The origin of the word “brand” comes from the marking of livestock. Firebrands have been used to indicate ownership of cattle for around 2,000 years. The concept of “branding” however dates back to 3,000 B.C., when potters (and eventually metal smiths) added markings to their works as a symbol of craftsmanship and quality. Sophisticated, modern-day marketers use their “brand” to signify more than just ownership; they use it to convey a promise.
The problem is that — while every company has a brand today — very few really know what it is. They may think they know, but they aren’t really sure. Most organizations have no formal process or mechanism to gauge what people think of them today. In the place of real research, there is a lot of guesswork and wishful thinking.

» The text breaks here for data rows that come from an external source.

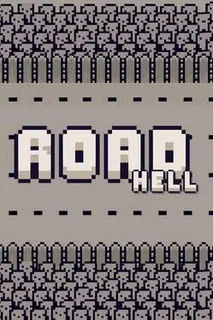 Road Hell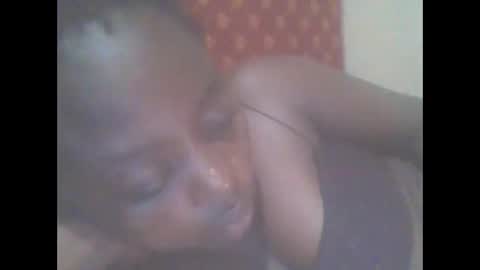 Snapshot of hornygal001 chatting on 04-22-26, 11:28 hornygal001 online show from 04-22-26, 11:28
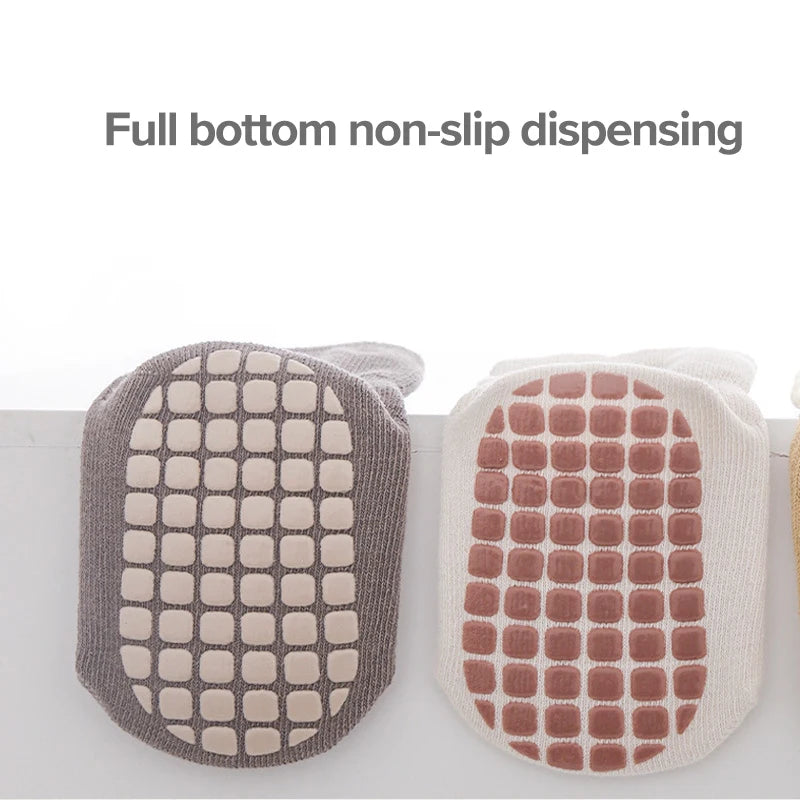 S1ed6bd6df84b4afbafea44240eef1a5dq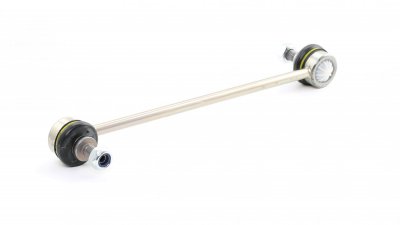 TRW  JTS393 Biellette de Barre Stabilisatrice, 1 Pi&egrave;ce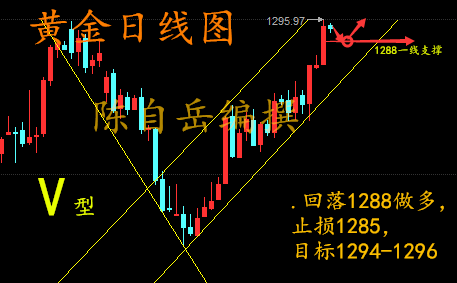 QQ截图20170607172222_副本.png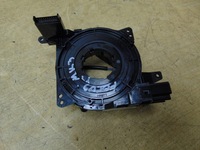 фото thumb №3, Стрічка подушки подушка безпеки ford focus mk3 zwac30088c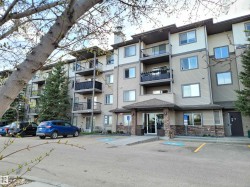 432 1180 Hyndman Road  Edmonton, AB T5A 0P8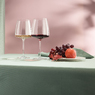 Набор бокалов для красного вина 710 мл, 6 штук, серия Sensa, 120 595-6, SCHOTT ZWIESEL, Германия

Reality Check: Your existing brand is not what you hope or want people to believe about your organization. Your brand is what people actually believe.
This is the difference between a “brand” and “branding.” A brand is what people really think — whether you agree with them or not, whether you like it or not. “Branding” on the other hand is what you want people to think. (For a related discussion, please read this article, “You Don’t Control Your Brand (Actually, You Never Did.”)
Key Question: How can you get where you want to go (with a branding strategy) if you don’t know where you stand today (your existing brand)?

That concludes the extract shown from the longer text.